Pierre, un jeune homme d'abord froid puis passionné, se prend d'amitié pour Sulamita, recluse en son palais romain. Il l'interroge sur le destin de trois poètes, étoiles filantes qui se croisent dans le ciel étoilé de Varsovie en 1922 : Peretz Markish, Uri-Zvi Grinberg, Melek Ravitsch. Des noms qui ne vous disent rien ? Quelle importance ? L'un émigra en Palestine en 1923, l'autre rejoignit les communistes soviétiques en 1926, le troisième voyagea de Mandchourie à Mexico, avant de se fixer à Montréal.
Ils eurent vingt ans, des maîtresses, une gloire de révoltés de la langue, une rage de vivre qui se brisa contre la catastrophe sans équivalent aucun où le Yiddishland disparut, terres et livres, corps et âmes.

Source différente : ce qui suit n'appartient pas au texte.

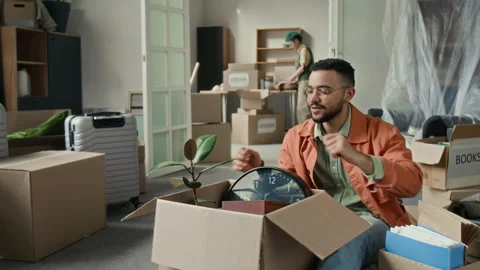 Gen Z Man Noticing Framed Picture in Box and Asking Girlfriend to Come to Him Stock Footage 323305529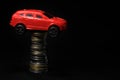 Saving money for a car. Banking, fast. Toy car and coins on black background. Miniature red car model on growing stack of coins. Royalty Free Stock Photo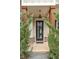 Inviting front porch with wooden beams and trimmed landscaping at 1993 Haley Walk, Atlanta, GA 30318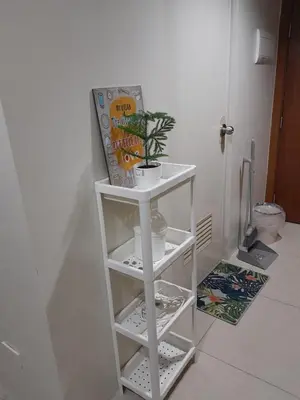a white shelf with a plant on it in a bathroom at Jam Staycation at Shell Residences in Manila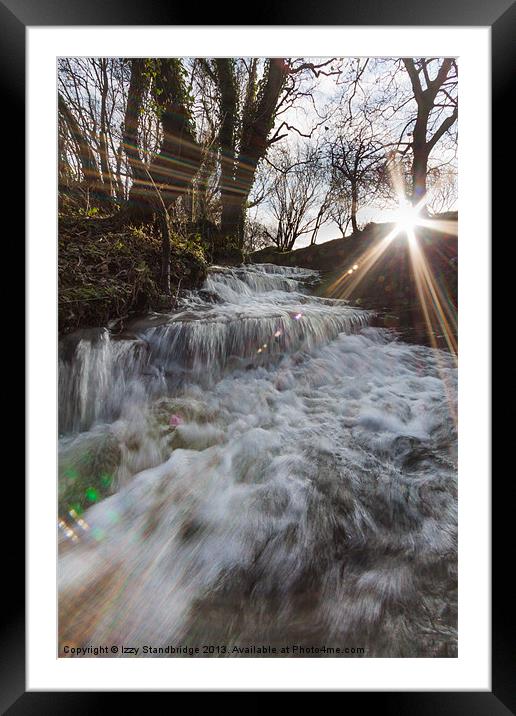 LENS FLARE with gushing stream, winter Framed Mounted Print by Izzy Standbridge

Pas vraiment, l'âme : elle est là, dans ces pages infusées d'histoires et de cris, d'anecdotes et de poèmes, dans ce roman d'amour fou qui caracole sur la ligne de crête des empires incendiés, l'Autriche-Hongrie, le IIIème Reich, la vieille Europe.
« Mère, nous arrivons d'un pays sans amour, d'un pays où Dieu est absent, Déluge en tête et crépuscule dans le sang. »

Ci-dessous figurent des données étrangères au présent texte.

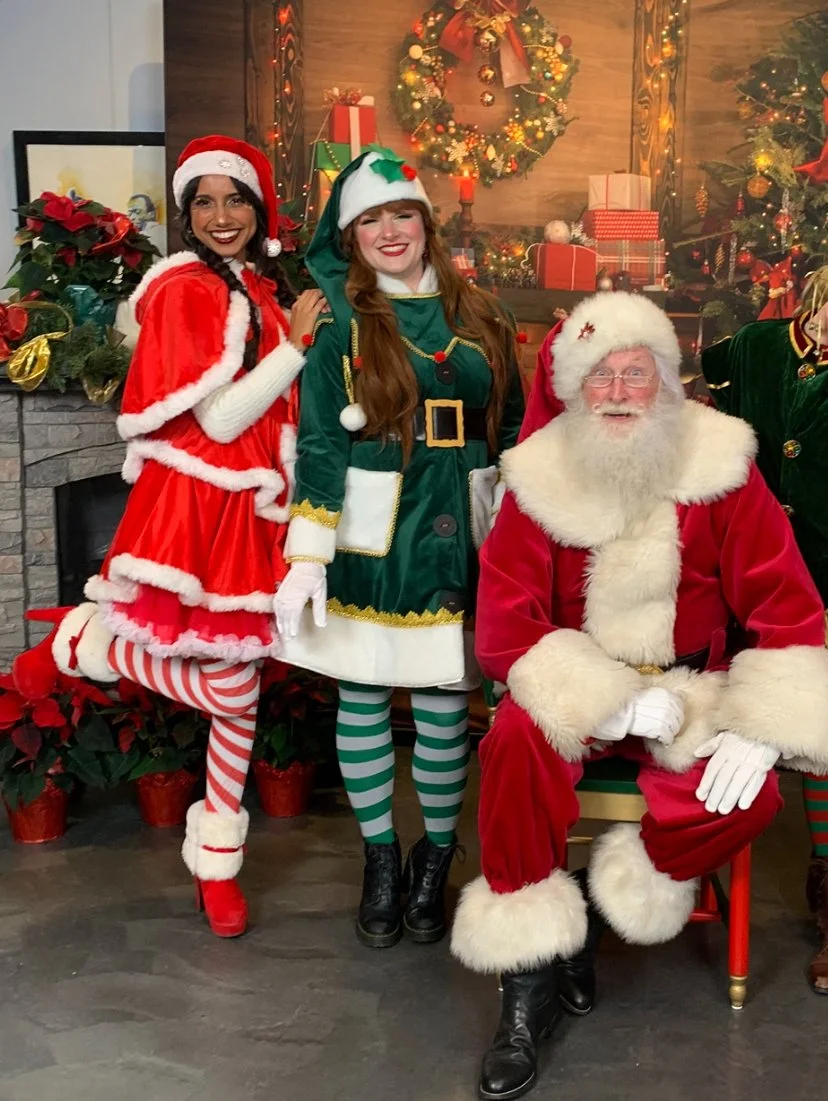 2 Elves and Santa Claus posing in Christmas costumes, with Christmas decorations in the background.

La langue du cœur, la langue de la souffrance
Après avoir découverts les œuvres de trois poètes juifs des années 20, Pierre décide d’apprendre le yiddish. Il contacte Sulamita, la fille d’un autre écrivain de l’époque, qui lui raconte son enfance et les milieux intellectuels et littéraires yiddish.

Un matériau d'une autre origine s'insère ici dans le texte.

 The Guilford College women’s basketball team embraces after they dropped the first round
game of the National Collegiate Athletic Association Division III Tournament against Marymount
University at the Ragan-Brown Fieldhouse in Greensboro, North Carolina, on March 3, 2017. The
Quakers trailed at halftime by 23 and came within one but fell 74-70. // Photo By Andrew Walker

D'un pays sans amour est un magnifique hommage à trois poètes aujourd’hui oubliés, ainsi qu’à toute la vie intellectuelle qui s’est articulée autour d’eux, donnant au yiddish ses lettres de noblesse. Les persécutions systématiques dont les Juifs ont été victimes -- le nazisme et la Shoah, mais aussi les pogroms en Pologne et la paranoïa du régime stalinien -- alimentent la poésie ; certains des plus beaux vers cités ont été écrits en réaction à des atrocités.